This article looks at state propagation in distributed systems through a practical enterprise lens: domain-driven design, event-driven architecture, Kafka-centric integration, microservices, reconciliation, migration, and the ugly operational truth. We’ll look at push and pull patterns, where each fits, how they fail, and how to evolve from one to the other without detonating the business. event-driven architecture patterns

Context

Every enterprise has state scattered across systems.

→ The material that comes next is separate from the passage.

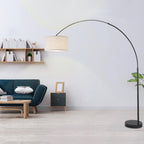Lampadaire arqué réglable en acier Q-Max 81 avec abat-jour extra large et base en marbre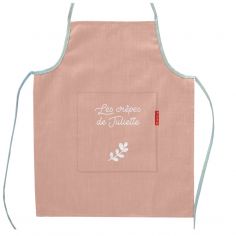 Tablier enfant en lin Rose poudré (personnalisable) - Les Griottes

An order is placed in a commerce platform. Inventory is reserved in a warehouse system. Credit is checked in finance. Shipment status changes in logistics. Customer preferences sit in CRM. Product attributes live in PIM. None of these systems are merely databases. They are decision engines with different models, different language, different rhythms.

That distinction matters.

In domain-driven design terms, each of these systems often represents a bounded context. “Order,” “customer,” “availability,” and “invoice” may all sound like shared nouns, but they do not mean the same thing everywhere. A customer in marketing is a profile. A customer in billing is a legal entity. Inventory in e-commerce is a promise. Inventory in warehouse operations is a physical count. State propagation is therefore not simply data replication. It is semantic translation under temporal uncertainty.

Enterprises often discover this the hard way during modernization.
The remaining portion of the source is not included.